We often plan family movie or game nights, but what about stargazing? One of humankind's oldest pastimes, stargazing invites conversations about place, space and time—a guaranteed way to spark wonder and curiosity in your kids. With warmer summer nights right around the corner, it's the perfect time to start planning and preparing for your family's next stargazing campout.
Whether viewing a clear night sky is something you can do from your backyard, or something you have to take a little drive for, you won't regret putting in a little extra time to make sure everything comes together to really get the most out of your time looking up.
From researching the perfect spot, to setting your family up with the right technology and gear, we pulled together our best tips and tricks to help you prepare for a successful stargazing evening with your little ones!
Light (or Lack Thereof)
It almost goes without saying that you want to minimize ambient light to better see the starlight. Kids can understand at a pretty early age that the stars go away in the daytime because the sun (our nearest star) outshines them when it's in the sky. So, the first thing to consider when planning your family stargazing night is light.
Do you live in a city or a neighborhood with street lights? What is the nearest campground to you, and what kind of light do they have at the campsites? The goal is to try to find a location with as little light as possible. If you're really ambitious, check out some of these locations, known for their minimal light pollution, thus creating the best stargazing environments in the US.

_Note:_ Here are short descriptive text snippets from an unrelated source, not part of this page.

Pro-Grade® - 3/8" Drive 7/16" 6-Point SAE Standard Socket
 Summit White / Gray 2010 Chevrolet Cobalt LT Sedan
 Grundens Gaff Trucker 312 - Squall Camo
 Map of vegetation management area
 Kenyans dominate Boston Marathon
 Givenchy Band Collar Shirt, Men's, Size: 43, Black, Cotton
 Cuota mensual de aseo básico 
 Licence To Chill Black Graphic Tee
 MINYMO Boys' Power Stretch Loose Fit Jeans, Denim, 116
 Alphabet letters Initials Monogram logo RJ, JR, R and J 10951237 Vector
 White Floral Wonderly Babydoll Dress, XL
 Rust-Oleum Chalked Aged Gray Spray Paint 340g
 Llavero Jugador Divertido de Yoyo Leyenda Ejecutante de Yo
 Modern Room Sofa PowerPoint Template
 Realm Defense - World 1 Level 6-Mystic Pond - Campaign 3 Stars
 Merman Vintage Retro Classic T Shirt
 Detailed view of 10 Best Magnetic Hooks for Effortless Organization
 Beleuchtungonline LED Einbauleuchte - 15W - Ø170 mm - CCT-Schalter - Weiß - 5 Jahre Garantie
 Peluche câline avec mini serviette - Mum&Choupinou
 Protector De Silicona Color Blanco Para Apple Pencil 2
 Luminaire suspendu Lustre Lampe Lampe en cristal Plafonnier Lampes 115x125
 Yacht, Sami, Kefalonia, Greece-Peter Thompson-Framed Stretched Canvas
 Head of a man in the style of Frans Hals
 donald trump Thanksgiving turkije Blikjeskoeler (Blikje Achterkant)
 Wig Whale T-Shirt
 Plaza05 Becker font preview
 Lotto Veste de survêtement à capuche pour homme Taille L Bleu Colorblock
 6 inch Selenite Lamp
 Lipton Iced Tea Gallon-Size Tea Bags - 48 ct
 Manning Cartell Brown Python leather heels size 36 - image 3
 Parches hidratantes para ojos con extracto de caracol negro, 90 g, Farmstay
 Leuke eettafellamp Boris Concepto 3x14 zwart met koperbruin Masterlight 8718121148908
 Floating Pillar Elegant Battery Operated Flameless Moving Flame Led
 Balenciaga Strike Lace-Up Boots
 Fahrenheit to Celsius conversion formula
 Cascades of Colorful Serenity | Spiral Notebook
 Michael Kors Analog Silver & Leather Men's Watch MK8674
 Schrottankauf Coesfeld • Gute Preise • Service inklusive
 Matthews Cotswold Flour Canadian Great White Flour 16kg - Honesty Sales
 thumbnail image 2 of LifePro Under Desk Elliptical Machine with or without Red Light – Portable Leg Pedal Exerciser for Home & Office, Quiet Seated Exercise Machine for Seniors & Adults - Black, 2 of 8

Don't Forget About the Moon
While the moon is beautiful and something to observe all on its own, it's not your best friend when it comes to seeing the stars. The brighter the moon, the fewer stars you will see. Try to plan your outing on a new moon night for the optimal stargazing conditions!
Click here to type in your location for specific details on the moon phase and location for a specific day of the year.
Tools and Tech
For many, the first thing that comes to mind when thinking of stargazing tech is a telescope, but there's really quite a bit that you can see with just the naked eye. The main thing you'll need is something to reference to know what you're looking at in the sky. From planet and star names to constellations and star clusters, a basic star chart will be necessary at the very least, and you can find them here or here.
A little more user-friendly than most star charts are the many apps available on both iOS and Android devices. A few of our favorites include: Star Walk 2, Solar Walk, Star Chart and SkyView Lite. With the exception of Star Walk 2 for iOS users and Solar Walk, which both have a small cost, these apps are free to download and use. Once on your phone you can point your camera to the sky, and it will show and identify for you the celestial bodies that are in the night sky (Solar Walk is great for kids too, since they can interact with the app and learn more about what they're looking at).
If you do decide to ramp up your night sky viewing with a telescope, there are endless options out there. To get you started looking, we personally love the Galileoscope Telescope Kit. This telescope does require assembly and doesn't come with its own tripod stand (you'll definitely need one to steady your hand). However, the easy-to-follow steps allow for users to consider not only what they are able to see through the lens, but how the scope itself works—fun science and history as it's designed after Galileo's original scope! Your kids will enjoy helping build and use this tool with you, and the quality and magnification make Jupiter's moons and Saturn's rings visible in the night sky!
Now, the last thing you want is to pull up ready to go in the right place on the right night with the right tech and find that everyone is so freezing that they want to go home! Don't forget to take a moment to pack the basics: jackets, blankets, hats, gloves, snacks—you know the routine!
A basic flashlight or headlamp is also something you'll be glad to have, especially if you are using a printed star chart instead of an app to figure out what you're looking at. Since you want to minimize light and keep your eyes adjusted to the dark, you'll also want to consider making it a red light instead of a white light, and this can be easily achieved by covering the light with a thin red film (saran wrap or plastic works great). Red light affects our vision much less than white light.
Finally, before you go, get your kids reading, thinking and interested about night sky viewing with one of these books: a beautifully-illustrated introduction to the night sky complete with a star chart and glow in the dark star stickers, a book designed especially to help kids find constellations in the night sky or a book that includes 50 different things you can find in your night sky with images to help them spot them on their own.